What follows is an excerpt from an interview conducted, recorded, and transcribed by Kris Carlson-Lewis of Ted Hoskins at the Isle au Haut Parsonage on Aug. 22, 2012. It first appeared in a recent issue of the Isle au Haut Historical Society’s newsletter. It has been edited for length and clarity.
Ted Hoskins preached on Isle au Haut from 1961 through 2013, a period that also included a stint with the Maine Seacoast Mission, from about 1995. He reduced his preaching after 2012, taking the pulpit for the occasional Sunday. His last sermon on the island was preached in 2014.
Kris: When did you see the most significant changes on Isle au Haut over the years? Was it when the electricity came? Or telephone?
Ted: Electricity was important, telephones were important. We had quite a lot of discussion about telephones and about electricity. The summer people were worried it was going to spoil the island ‘cause you’d have these lines all over. They didn’t want to see the lines. So, a lot of them paid extra to go underground to their houses and that kind of stuff. We all had to chip in a certain amount of money to get on the power grid. Pat Tully and young Stan Dodge were key people in that.
Of course, after the war was a major change. People started coming back in greater numbers and then the boat company began…
Kris: I can remember coming up in the early 80’s and the generator would go on in the evening for a few hours. There was no phone at that time, just the ship to shore.
Ted: Well, we didn’t even have that. Somebody from Westport, Conn. would call up about this crisis or something. It would come up to Buster [Aldrich]. Buster would maybe write it down and maybe bring it out the next day. Maybe find me and maybe not. And then of course, I couldn’t answer until I went back some time.

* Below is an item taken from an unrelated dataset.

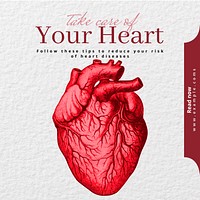 Heart caring guideline  Instagram post template design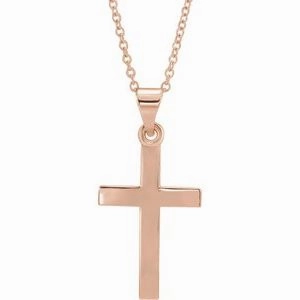 14K Rose Cross 18" Necklace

And you knew darn good and well that by the time you got onto the mainland to make a call back, whatever the crisis was, was handled one way or the other. That was a pretty good insulation.

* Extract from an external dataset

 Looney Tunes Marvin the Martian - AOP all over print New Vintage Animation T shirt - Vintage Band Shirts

And then telephones came. So, I think telephones and electricity were two major changes. Of course, after the war was a major change. People started coming back in greater numbers and then the boat company began to service people more.
Stan used to run the mail boat, 25 cents you could go over. I remember when we were first here, we wouldn’t go over more than once a month to the mainland. When we first came there was a toll on the Deer Isle-Sedgewick bridge.

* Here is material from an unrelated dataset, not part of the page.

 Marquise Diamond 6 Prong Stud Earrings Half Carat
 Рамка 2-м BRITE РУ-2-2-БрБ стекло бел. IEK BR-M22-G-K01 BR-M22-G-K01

There was nothing in Stonington. You’d go over and there was a barbershop and there was Webb’s store. There was a garage there. And the blacksmith shops, I remember going to the blacksmith shops. There were two blacksmiths in town.
Kris: Some of the occupations that were so big over the years you don’t really see much anymore.
Ted: Nope, not much blacksmith work. Not that kind of blacksmith work. They had to work on drags and stuff like that, you know for scallops.
Kris: When did you first have a car out here?
Ted: Miss Lizzie or Miss Ava [Rich] had an old car and would let Dad borrow it. It was an old Model A or a Model T, one or the other. Maybe once a month we might go down to the pond. The end of the pond wasn’t as it is now that everyone swims down there. It was just junk then. We used to swim up at the head of the pond down below the farm. It was all mucky but nonetheless, that’s where we went.
A bunch of us kids decided to bring sand down and build a beach down there. So after church, we’d get the town truck and go over to the sand pit or gravel pit and shovel a truck full of sand and take it down and put it down. We did that time after time until we got all that sand down at the foot of the pond down there. That’s where that came from.
Kris: That’s why there’s a beach there?
Ted: We lugged that all.
Kris: So, I know when you retired from the Westport, Conn. church, you went with the Seacoast Mission. How did you find that change? Was that a positive because you really liked it along the coast?
Ted: Oh, yeah! I knew a lot of the guys and I had done enough fishing here so I could talk to the guys on other islands. I enjoyed being on the boat. I did that for about a decade, I guess. It was good. I loved it. Very, very good.